Mientras que el tiempo pasa y la oposición no define candidato, sin contar con algún personaje de corte político o ciudadano que despunte como alternativa, la verdadera competencia electoral por la Presidencia de la República en 2024 se juega dentro de Morena en este año que corre. Quien triunfe al interior, ganará afuera, parecen insistir las distintas encuestas. Estaríamos frente a una final adelantada, dirían los cronistas deportivos.
Ciertamente, las cosas pueden cambiar, pero también podrían mantenerse. Por eso es importante dar seguimiento a una competencia de la que podrá salir el o la próxima presidente de México. El punto central es imaginar qué pasa por la cabeza del Presidente López Obrador, cuál es su gran dilema, porque más allá de lo que dirán las próximas encuestas de Morena, será él quien definirá el nombre de su sucesor o sucesora. El reciente llamado a la unidad que realizó en Palacio Nacional confirma su principal preocupación: una posible fractura de su partido si elige mal al candidato, lo que pondría en riesgo incluso el triunfo de Morena en 2024 y la viabilidad del proyecto por el que ha luchado en las últimas décadas.
La decisión no parece fácil. Mejor dicho, resulta sumamente compleja. Es el dilema que han enfrentado a lo largo de toda la historia personajes reales o ficticios. Todo líder que aspire a que su proyecto político o legado de poder perdure se enfrenta a una disyuntiva existencial. En el caso de AMLO es: ¿quién garantiza la consolidación de la transformación política, social y económica que hemos iniciado? Esto va más allá de cuotas de poder, de partido o de género, y más allá de simpatías. Hay un cálculo político personal neto: ¿quién podrá consolidar la Cuarta Transformación?

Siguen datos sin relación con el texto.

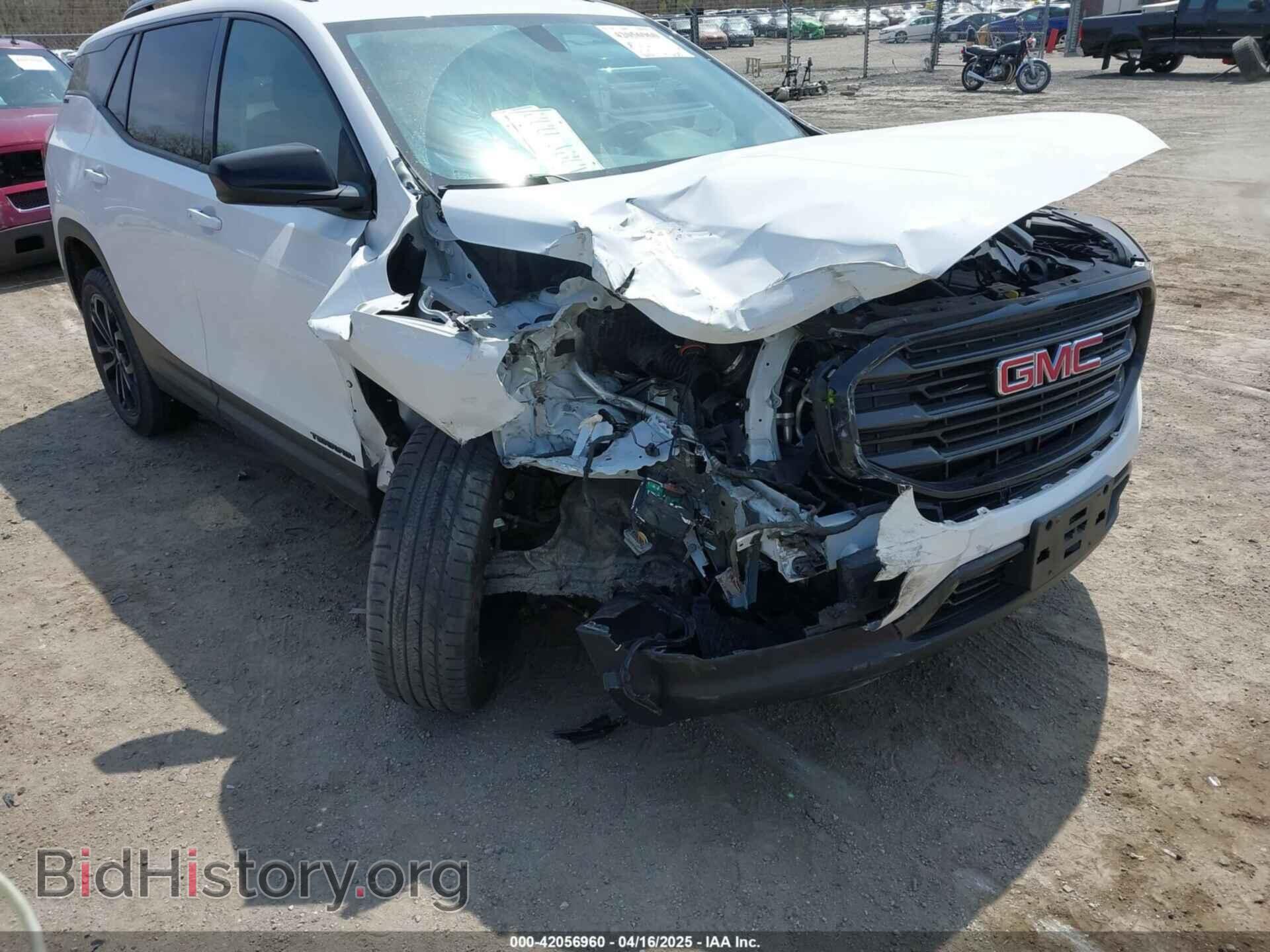 2019 GMC TERRAIN - VIN: 3GKALTEV3KL101450 - Photo 6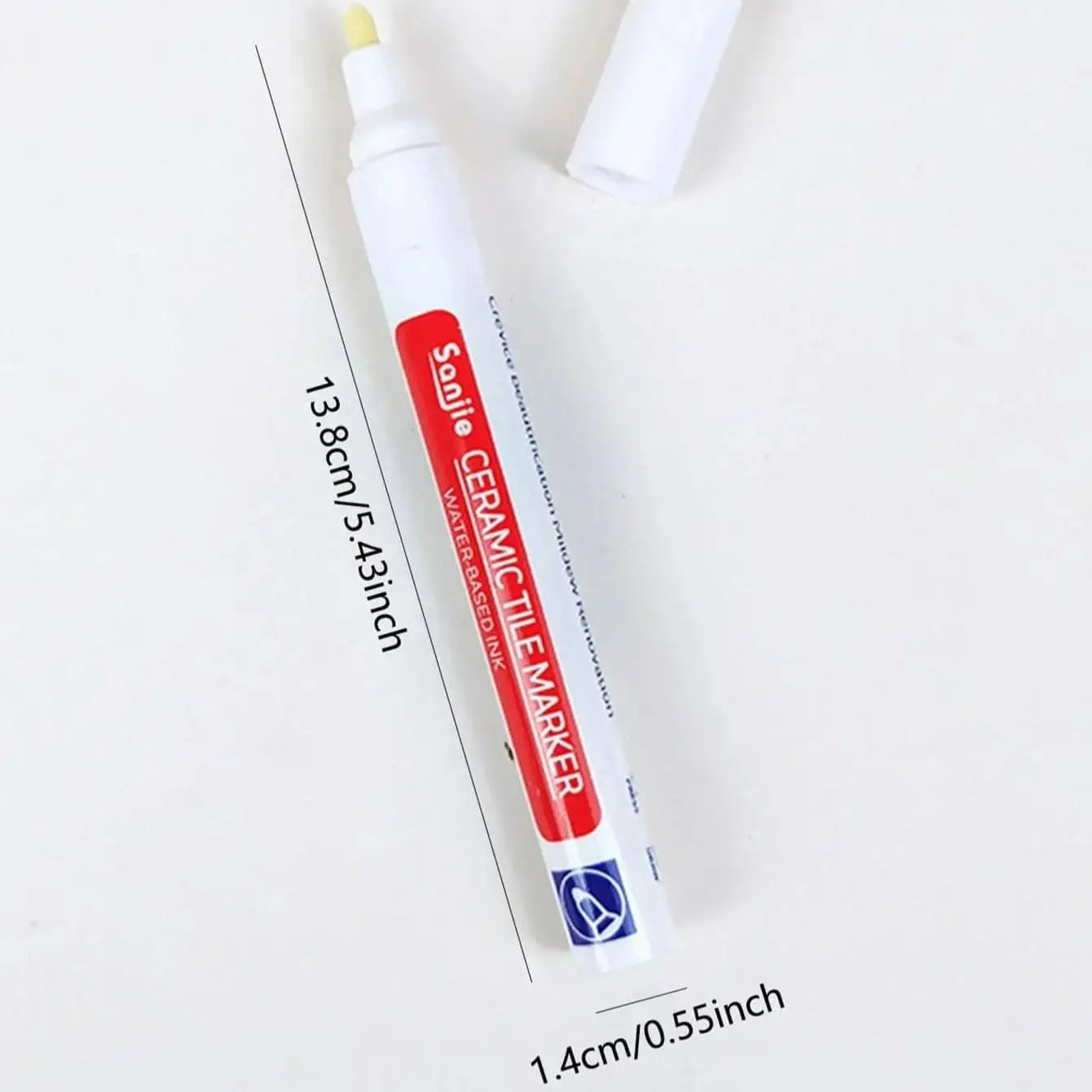 Anti-Mildew Ceramic Tile Gap Repair Pen - Bathroom Wall Floor Grout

Pareciera que López Obrador tendría en Adán Augusto López y Claudia Sheinbaum dos decisiones relativamente sencillas. Por su cercanía y por la confianza demostrada a lo largo de los años, estas dos opciones asegurarían la fidelidad que necesita la continuidad de su proyecto, sobre todo en sus bases ideológicas y puntos no negociables.
Sin embargo, la decisión más difícil y que definirá la sucesión en Morena es decirle que no a Marcelo Ebrard, sin duda el perfil más preparado para gobernar dentro de todos los precandidatos. Rechazar al mejor subiría el costo político de la decisión del presidente al menos por dos grandes razones.
Primera, y quizá la más obvia, es que la determinación puede generar una fractura al interior del movimiento si Ebrard no acepta el resultado y decide competir por otra opción política, lo que pondría en riesgo el propio triunfo de Morena. Segunda, y esto es central, porque el canciller es el único que podría romper la barrera de los 30 millones de votos obtenidos por AMLO en 2018, al atraer a un voto más proclive a la oposición, como el de las clases medias urbanas que apoyaron a AMLO en 2018 pero que han ido retirando su apoyo al primer mandatario. Ambos factores representan riesgos reales para perder la elección en 2024 por una previsible fuga de votos o el impedimento para atraer un sufragio más diverso y numeroso que asegure el triunfo.
Un elemento de análisis que debe estar presente en la cabeza del Presidente durante sus largas noches en Palacio es que Ebrard no sólo suma votos, sino capacidad de ejecución y prestigio internacional, dos características que el próximo mandatario deberá reunir para poder consolidar a la 4T. El titular del Ejecutivo debe estar considerando algo de lo que se habla poco pero que es real: la cercanía del canciller con el político tabasqueño. Ebrard ha sido pieza fundamental en la construcción del proyecto de AMLO desde hace más de veinte años. En momentos buenos, pero sobre todo en los malos, el canciller ha estado ahí y, de los tres precandidatos, él es el único que ha sido sucesor ya probado de López Obrador, cuando fue Jefe de Gobierno de la Ciudad de México. Es un hecho demostrado que Marcelo puede dar continuidad a la visión de gobierno de López Obrador e introducir sus propias políticas progresistas con éxito, así como lo hizo en la capital del país entre 2006 y 2012.
Sin duda, el costo político de decirle que no a Ebrard sería sumamente alto para AMLO y su movimiento. Como el buen estratega electoral que es, el Presidente debe estar evaluando muy bien este escenario. Seguramente en la soledad de Palacio, con los espacios de reflexión que el poder otorga e inmerso en la majestuosidad de Palacio Nacional y el peso histórico de sus muros, López Obrador estará sopesando sobre quién será su sucesor o sucesora. La decisión aún no está tomada.